One method would be to use a binary search - look into the urn with index $\left\lfloor \frac{n}{2}\right\rfloor$ and rule out about one half of the urns depending on whether that urn was empty or not, then repeat the process on the remaining half. This allows us to find $k$ in at most $\left\lfloor \log_2(n)\right\rfloor+1$ steps.
The problem is that even in the best case we need $\left\lfloor \log_2(n)\right\rfloor$ steps to find $k$: The only way to save a step is when we're left with only two urns and the one with the lower index is empty, then the other urn must also be empty.
My question is: Is there a way to find $k$ in fewer steps on average than with binary search, if we assume that $k$ is chosen uniformly at random? If not, then what if instead $k$ was chosen according to a probability distribution that we had prior knowledge of, could we exploit that to do better on average?
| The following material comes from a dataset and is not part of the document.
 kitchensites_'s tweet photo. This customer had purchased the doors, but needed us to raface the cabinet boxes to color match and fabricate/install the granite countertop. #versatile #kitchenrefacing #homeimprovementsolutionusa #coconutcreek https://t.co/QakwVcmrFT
Thanks in advance for any help!
If $k$ is chosen uniformly at random, you can’t do better than binary search, since the binary entropy of $k$ is $\log_2n$ and you can’t determine its value with fewer answers to binary questions (i.e. bits) than that.
If $k$ is chosen according to some other known distribution, generally speaking the optimal algorithm is binary search on the distribution, i.e. in each step choose an urn that divides the remaining sum of probabilities as evenly as possible between the two possible outcomes.
It’s not always optimal to follow this prescription precisely, since there are cases where allowing for a small additional imbalance in one step allows you to avoid a larger imbalance in future steps. For example, if the remaining probabilities are very close to $\frac15,\frac15,\frac15,\frac15,\frac1{10},\frac1{10}$, you’d want to include the $\frac15$ in the middle in the second half, since that would allow you to divide exactly evenly in the next step, whereas if you include it in the first half the first half can’t be divided evenly. So if you want to find the precise optimal strategy you might have to do some further optimization using dynamic programming; but always dividing the sum as evenly as possible will be close to optimal.